D’ailleurs, le film n’oublie pas les problèmes puisque tu y montres aussi la corruption, la violence des classes dirigeantes.
Oui, mais on va me dire « et la Syrie, et le Soudan, et les martyres de la révolution » et je ne sais quoi… Je ne peux pas consacrer tous mes films à tous les martyres du monde. Là, j’ai eu envie de montrer aux gens toutes les raisons qui font qu’on peut aussi avoir envie de continuer à vivre.
Les femmes que tu filmes sont très pulpeuses, très en chair, un peu comme chez Fellini. Cela correspond-il à ton goût personnel ou au canon dominant de la société égyptienne ?
C’est sûr que c’est éloigné du goût occidental pour les mannequins anorexiques, mais les formes de mes actrices ne sont quand même pas aussi extrêmes que chez Fellini ! Je pensais plutôt à des actrices comme Ava Gardner, Rita Hayworth, Marilyn Monroe… C’était des femmes qui ne cachaient pas leurs formes. Je trouve que la tendance actuelle à la minceur extrême dénote un manque de générosité avec les corps.

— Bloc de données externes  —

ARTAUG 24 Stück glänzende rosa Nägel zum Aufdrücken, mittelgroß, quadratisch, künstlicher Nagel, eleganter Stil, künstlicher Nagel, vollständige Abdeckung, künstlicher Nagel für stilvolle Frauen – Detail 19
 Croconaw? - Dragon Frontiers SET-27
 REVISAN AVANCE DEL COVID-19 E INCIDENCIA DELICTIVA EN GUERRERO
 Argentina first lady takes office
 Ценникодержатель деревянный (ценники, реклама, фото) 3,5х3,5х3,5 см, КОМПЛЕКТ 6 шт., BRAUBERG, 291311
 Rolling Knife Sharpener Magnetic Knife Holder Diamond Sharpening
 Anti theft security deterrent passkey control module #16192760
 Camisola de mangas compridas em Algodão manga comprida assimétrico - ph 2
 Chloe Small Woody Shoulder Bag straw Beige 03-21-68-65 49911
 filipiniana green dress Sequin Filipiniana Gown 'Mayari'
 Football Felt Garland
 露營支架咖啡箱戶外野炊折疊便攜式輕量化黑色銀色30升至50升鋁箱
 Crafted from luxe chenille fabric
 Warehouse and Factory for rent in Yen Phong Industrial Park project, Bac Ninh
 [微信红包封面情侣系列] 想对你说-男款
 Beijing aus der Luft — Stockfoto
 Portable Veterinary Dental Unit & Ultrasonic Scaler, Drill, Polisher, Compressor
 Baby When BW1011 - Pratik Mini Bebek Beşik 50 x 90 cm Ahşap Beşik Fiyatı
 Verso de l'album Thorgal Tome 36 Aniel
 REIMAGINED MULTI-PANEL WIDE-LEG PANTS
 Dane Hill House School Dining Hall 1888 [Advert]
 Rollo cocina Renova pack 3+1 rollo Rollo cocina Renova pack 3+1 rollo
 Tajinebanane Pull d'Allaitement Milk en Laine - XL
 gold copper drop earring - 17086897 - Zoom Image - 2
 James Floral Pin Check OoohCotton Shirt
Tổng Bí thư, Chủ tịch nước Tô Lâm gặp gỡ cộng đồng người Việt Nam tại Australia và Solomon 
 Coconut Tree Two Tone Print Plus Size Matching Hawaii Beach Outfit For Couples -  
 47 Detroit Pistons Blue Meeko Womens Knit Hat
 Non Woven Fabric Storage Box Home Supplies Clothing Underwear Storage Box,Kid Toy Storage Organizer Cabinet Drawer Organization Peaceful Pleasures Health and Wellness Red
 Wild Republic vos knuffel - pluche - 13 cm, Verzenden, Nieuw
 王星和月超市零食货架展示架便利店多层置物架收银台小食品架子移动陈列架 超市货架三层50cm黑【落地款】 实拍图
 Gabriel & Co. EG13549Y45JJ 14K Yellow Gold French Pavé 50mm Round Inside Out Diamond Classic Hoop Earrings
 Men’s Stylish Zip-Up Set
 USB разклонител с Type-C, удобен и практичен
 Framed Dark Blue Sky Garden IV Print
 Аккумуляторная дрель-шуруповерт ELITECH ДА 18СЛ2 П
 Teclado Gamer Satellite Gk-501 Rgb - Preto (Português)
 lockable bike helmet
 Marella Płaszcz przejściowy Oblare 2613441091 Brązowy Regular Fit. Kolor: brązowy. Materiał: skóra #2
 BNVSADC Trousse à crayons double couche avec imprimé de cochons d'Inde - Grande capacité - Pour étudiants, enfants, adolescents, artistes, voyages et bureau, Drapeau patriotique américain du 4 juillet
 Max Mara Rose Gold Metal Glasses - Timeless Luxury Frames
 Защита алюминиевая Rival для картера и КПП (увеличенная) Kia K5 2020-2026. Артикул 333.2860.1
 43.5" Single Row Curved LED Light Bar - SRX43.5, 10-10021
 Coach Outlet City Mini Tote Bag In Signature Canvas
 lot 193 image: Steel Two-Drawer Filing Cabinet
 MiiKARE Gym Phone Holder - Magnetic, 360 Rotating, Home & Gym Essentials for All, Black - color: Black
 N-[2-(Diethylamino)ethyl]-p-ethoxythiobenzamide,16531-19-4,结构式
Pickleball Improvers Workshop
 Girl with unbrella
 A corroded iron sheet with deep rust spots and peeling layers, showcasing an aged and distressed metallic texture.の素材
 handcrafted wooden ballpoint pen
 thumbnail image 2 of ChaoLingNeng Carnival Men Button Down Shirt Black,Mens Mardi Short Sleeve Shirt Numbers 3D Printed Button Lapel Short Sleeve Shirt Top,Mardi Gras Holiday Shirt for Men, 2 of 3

Quelle est exactement la situation des artistes dans l’Egypte de Al Sissi ? Te sens-tu totalement libre, à l’abri de la censure ?
Le pouvoir n’applique pas bêtement une censure, ce serait trop voyant. Ce qui est plus intéressant et insidieux, c’est de voir comment mon film dérange le consensus, c’est-à-dire cette mentalité qui conduit beaucoup d’Egyptiens à accepter le grand écart entre comment on vit et comment on parle. On vit comme on veut du moment que ça reste secret. A partir du moment où ça sort, ça gêne. C’est cette censure sociale qui est la plus redoutable. Elle ne m’empêche certes pas de faire mes films librement, mais elle pourrait, si j’étais moins déterminé, si je cédais à cette pression sociale.
Tes films parlent du peuple mais attirent-ils le public populaire égyptien ?
Non, parce que les Egyptiens des classes populaires ne vont au cinéma qu’une ou deux fois par an. Mais mes films finissent par tracer leur chemin et les atteindre par le biais des diffusions télé ou le commerce des cassettes pirates.
Sont-ils diffusés dans les autres pays arabes ?
Oui, mais avec des formes de censure. Par exemple, on va décadrer une scène pour ne pas trop voir la danseuse du ventre, ou on va couper une scène de baiser.
As-tu déjà fait face à la violence dont furent victimes Nabil Ayouch et sa comédienne Loubna Abidar pour Much loved ?
Non, mais il semble (je ne l’ai pas vu) que Much loved est plus virulent que mes films. Il montre comment les prostituées marocaines se font exploiter au profit du plaisir sexuel des riches Saoudiens, ça ne m’étonne pas que ça ai choqué. Mon film est aussi très critique mais de manière bon enfant, moins frontale. Si j’avais montré uniquement des bourgeois, on aurait dit c’est normal, ils sont décadents. Le peuple est censé être pur, moral, or je montre que le peuple est aussi épicurien que les riches : c’est ce qui n’a pas plu.